----- Dataset extract
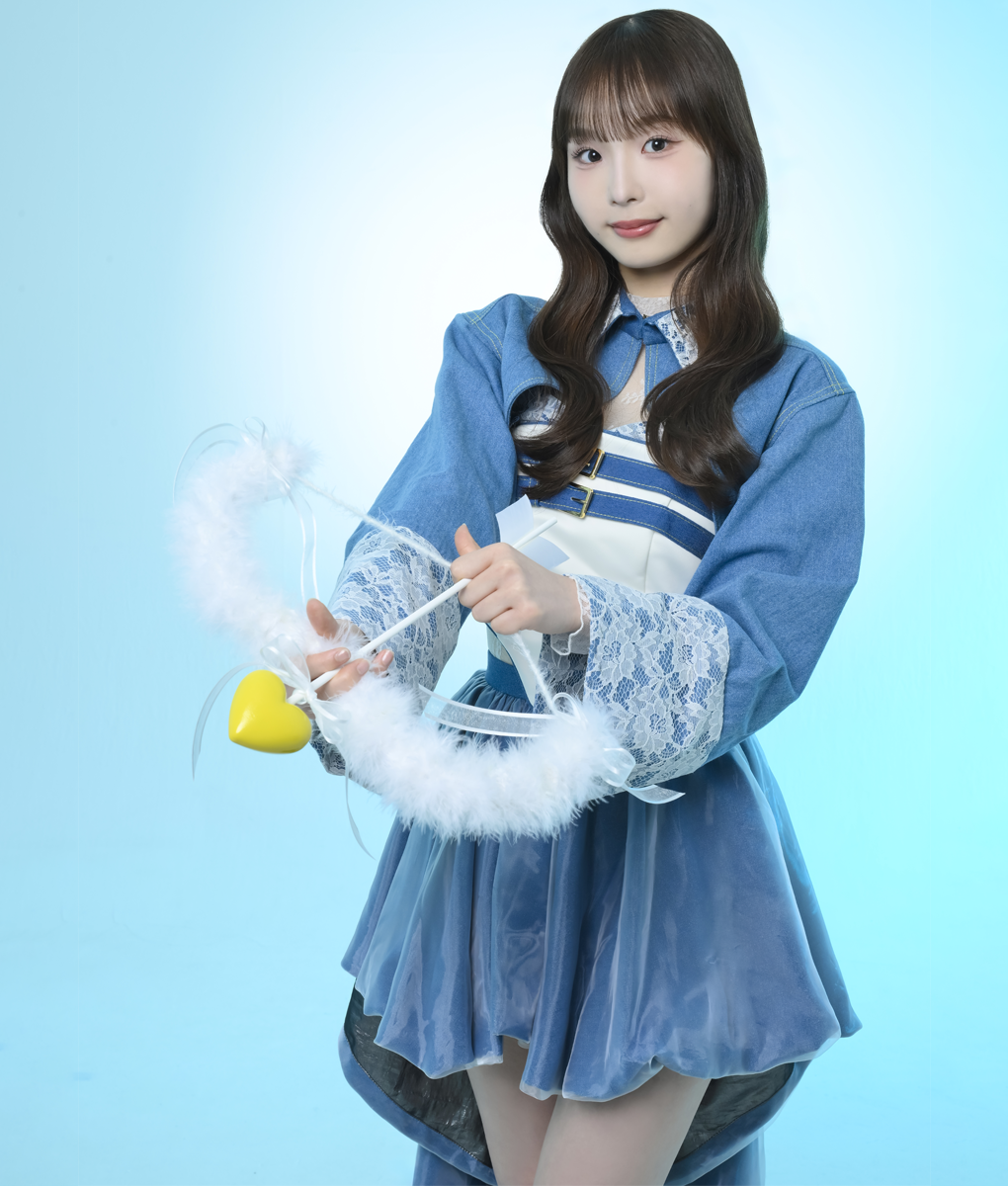 HINANO 日菜乃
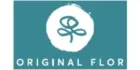 Original Flor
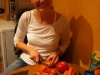 2008_1015_192337.JPG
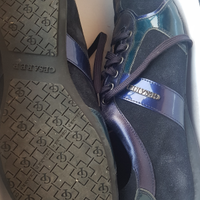 Scarpe Cesare Paciotti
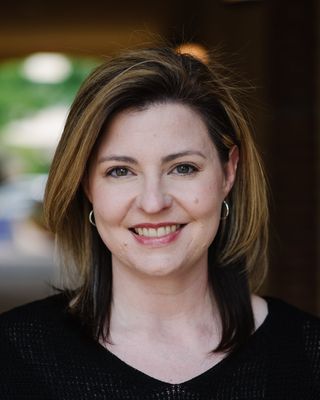 Stephanie Vance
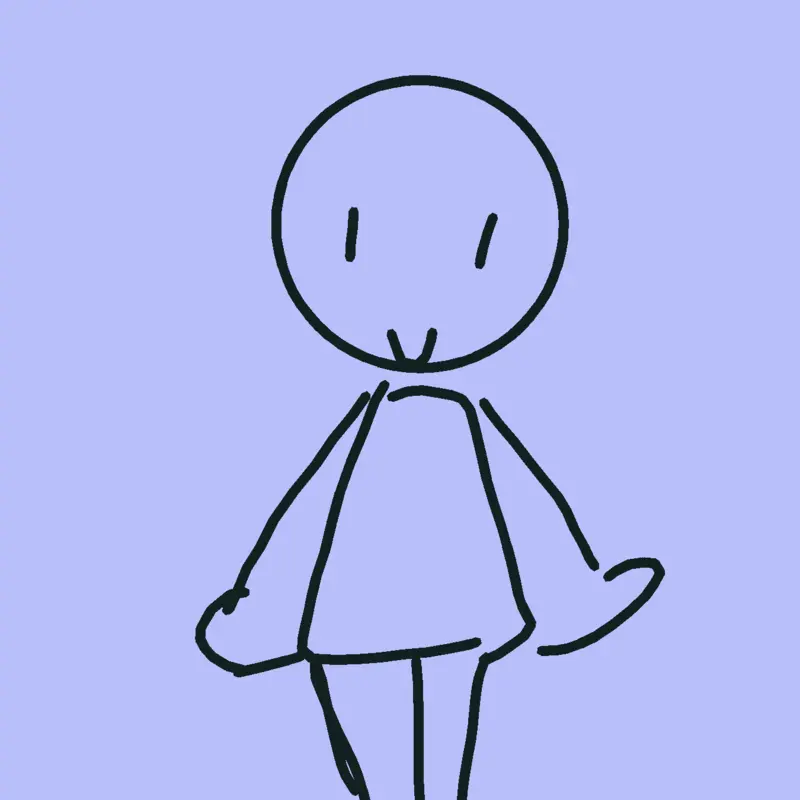 Game by @starlightsparkle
----------
**Work instructions:**
Could you set down exactly, and only, the lines from the line containing "Original Flor" through the last line of the records, both included, without the pictures?

**Result:**
 Original Flor
 2008_1015_192337.JPG
 Scarpe Cesare Paciotti
 Stephanie Vance
 Game by @starlightsparkle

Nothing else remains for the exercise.